:: Source material ::
☆ ☆ ☆ ☆

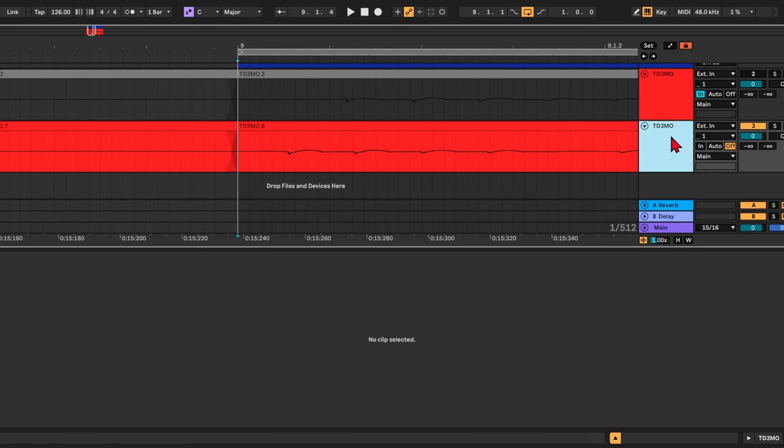So according to Ableton, this behavior is implemented because when you're playing guitar or recording any other instrument in real time, you're automatically compensating for the latency yourself. So when you hear yourself back a bit delayed, you play slightly early so it still sounds in time.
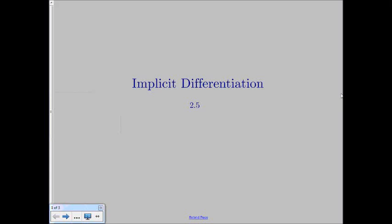Hello again. So this is the second video for implicit differentiation, and what this video is really going over is some different applications of implicit differentiation. For instance, when we have to use implicit differentiation to solve for a second derivative, or if we're going to have to use that on a function to find the equation of a tangent line. So let's get started with some example problems.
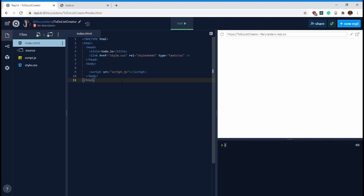Hello everyone and welcome to another HTML video. This is going to be another JavaScript mini project — it's a skill video, not a project video, so you won't get the source code for this. I recommend you try to create something like this on your own. Unlike my other videos where I go into detail on styling, I predid the style beforehand because I'm focusing on the JavaScript. So without further ado, let's get started — we're making a to-do list.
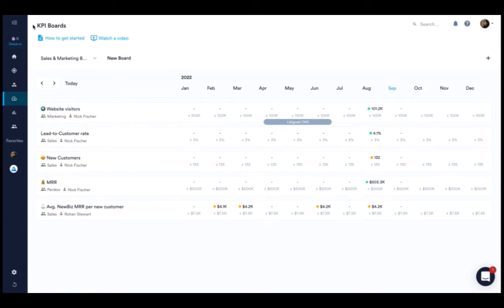OKRs are to break the status quo. It's about change and doing something differently. Contrastingly, KPIs are about monitoring your business as usual to ensure that your business is continuously healthy.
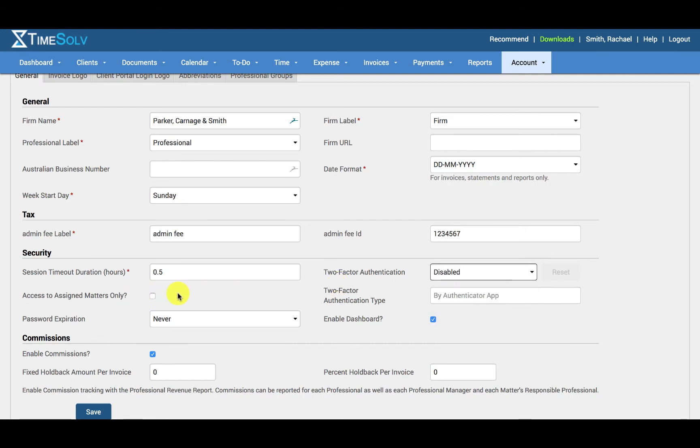If you enable the 'access to assigned matters only' button, users will only be able to access the matters that have been assigned to them. This is achieved under the account username and permissions tab.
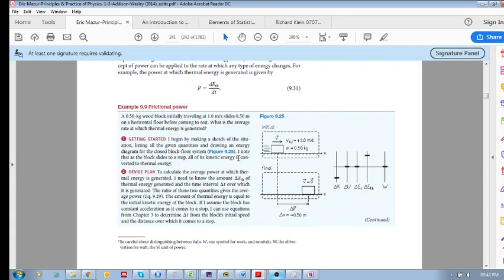We have a half a kilogram wooden block moving at one meter per second. Its inertia is half a kilogram and it comes to rest. So what is the energy diagram? Well, the kinetic energy drops. There's no change in potential, no change in source energy. But of course, the thermal energy increases. So all the kinetic energy gets converted into thermal and there's no work done on the system.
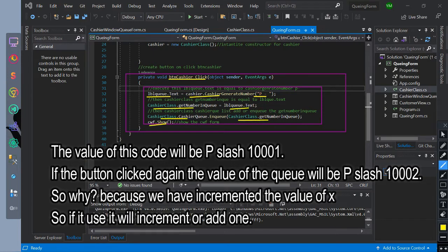If the button is clicked again, the value of the queue will be P/10002. So why? Because we have incremented the value of x, so if it is used it will increment or add one. So the function of this form is to enqueue data to our queue list.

☆ ☆ ☆ ☆

:: Task statement ::
This exercise calls for a verbatim output of the entries, pictures omitted.

:: Answer for the task ::
So according to Ableton, this behavior is implemented because when you're playing guitar or recording any other instrument in real time, you're automatically compensating for the latency yourself. So when you hear yourself back a bit delayed, you play slightly early so it still sounds in time.
Hello again. So this is the second video for implicit differentiation, and what this video is really going over is some different applications of implicit differentiation. For instance, when we have to use implicit differentiation to solve for a second derivative, or if we're going to have to use that on a function to find the equation of a tangent line. So let's get started with some example problems.
Hello everyone and welcome to another HTML video. This is going to be another JavaScript mini project — it's a skill video, not a project video, so you won't get the source code for this. I recommend you try to create something like this on your own. Unlike my other videos where I go into detail on styling, I predid the style beforehand because I'm focusing on the JavaScript. So without further ado, let's get started — we're making a to-do list.
OKRs are to break the status quo. It's about change and doing something differently. Contrastingly, KPIs are about monitoring your business as usual to ensure that your business is continuously healthy.
If you enable the 'access to assigned matters only' button, users will only be able to access the matters that have been assigned to them. This is achieved under the account username and permissions tab.
We have a half a kilogram wooden block moving at one meter per second. Its inertia is half a kilogram and it comes to rest. So what is the energy diagram? Well, the kinetic energy drops. There's no change in potential, no change in source energy. But of course, the thermal energy increases. So all the kinetic energy gets converted into thermal and there's no work done on the system.
If the button is clicked again, the value of the queue will be P/10002. So why? Because we have incremented the value of x, so if it is used it will increment or add one. So the function of this form is to enqueue data to our queue list.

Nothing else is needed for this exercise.